The definitions in each individual “workflow” extract information from each individual image. You must define “inputs” and “depends” so that the extraction script can locate the image you want to extract data from (it does not necessarily have to be the final image, though it generally is). In the arguments section, you define a list of the numeric information you want to extract. For an example of all arguments you can specify, look at the ih-extract script. If you specify “histogram-bin” for a particular imtype, the “–colors” options is added automatically. Additionally, there are multiple ways to extract dimensions from an image. If you pass the “–dimensions” argument to the image, the dimensions are simply calculated as the height and width of the final processed images. Alternative, you can extract dimensions with reference to a region of interest by using the “–dimfromroi” argument. The “–dimfromroi” argument can either by a path to an absolute roi file (as seen in the fluorescence workflow) or it can be an intermediate output roi from the actually processing workflow (as seen in the rgbsv workflow).

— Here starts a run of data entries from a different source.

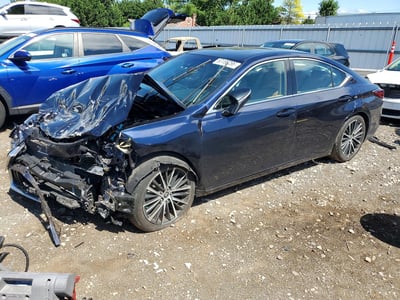58ADZ1B14NU****** 2022 Lexus ES 350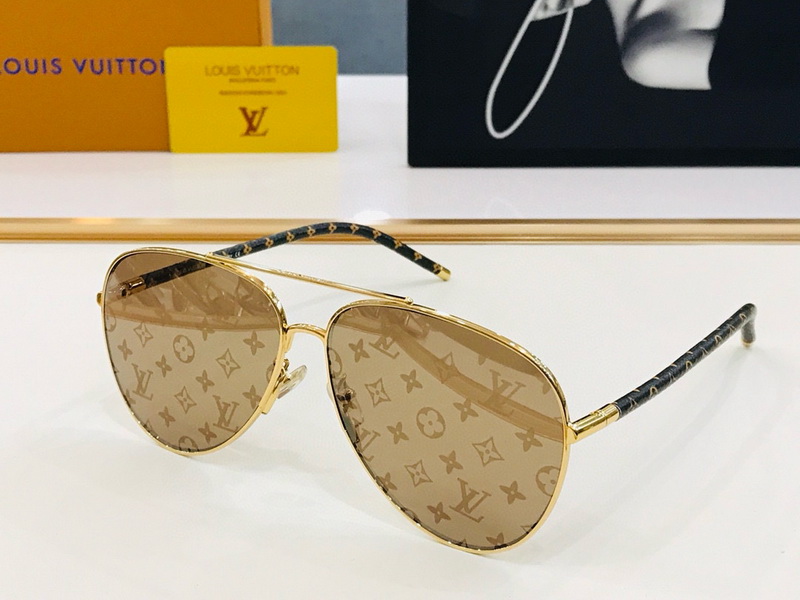 LV Sunglasses(AAAA)-1894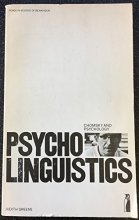 Cover art for Psycholinguistics: Chomsky and Psychology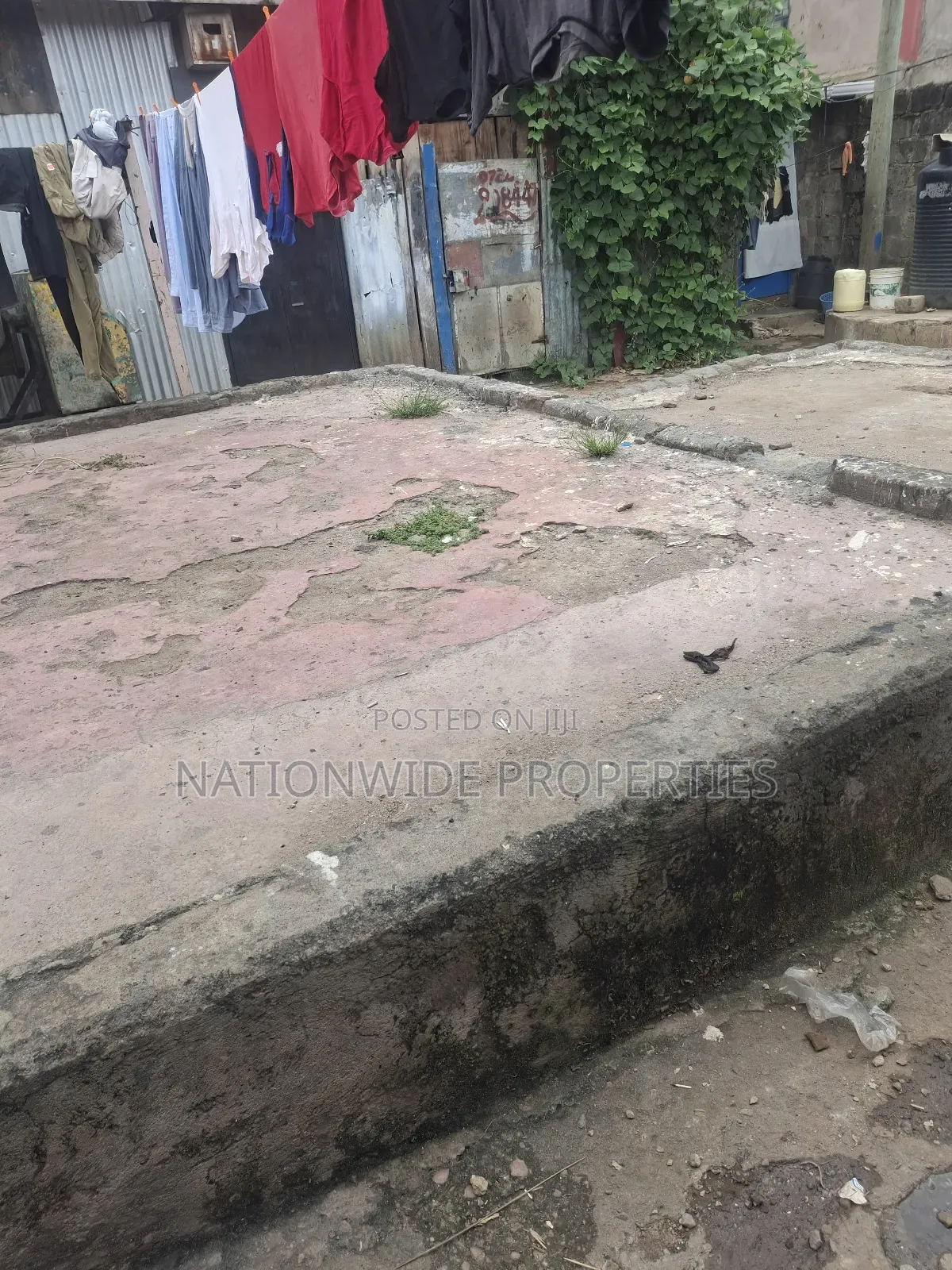 Plot for Sale Gitanga Road Kawangware in Valley Arcade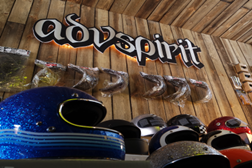 ADV Spirit - muito mais que uma loja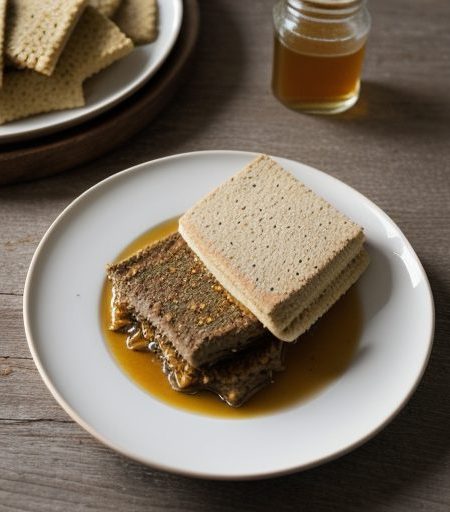 Ingberlach recipe image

Finally, to actually generate your workflow, use the ih-run command. Run this command from your top level folder that was generated by the ih-setup command.

ih-run


This will combine the information in your configuration file, workflow definition file, and image database to create the necessary files for a pegasus workflow. Additionally, before creating the workflow, it validates arguments and dependencies in your workflow. Use –validate to run in validate only mode to help debug your workflow as you create it. Depending on how many input images, it may take a while for ih-run to write the necessary submission files.

Submission¶

Upon sucessful completion of ih-run, a date and timestamped folder should be created in your top level folder. Your setup should now look like this:

awesome_project/
date-timestamp/
input/
imgproc/
-conf.rc
-extract.dax
-map.rc
-notify.sh
-remove.sh
-sites.xml
-status.sh
-submit.sh
-workflow.dax
rawfiles/
templates/
output/
-output.db
work/
input/
-config.json
-crawl.json
-images.db
-imgproc.json
-stats.json


The work directory is where actual processing is done – but initially starts empty. The output folder starts only with the output database, but contains no images to start with. The input folder contains a copy of your submitted templates in the templates folder, and a copy of all non-image raw-input files in the rawfiles folder. Finally, within the imgproc folder are the actual files required to submit a pegasus workflow. All you need to do to submit is execute the submit.sh script. This will launch your workflow, as well as creating a status.sh script for easy monitoring, and a remove.sh script if you want to remove your workflow. If there are other pegasus errors you may need to adjust your configuration.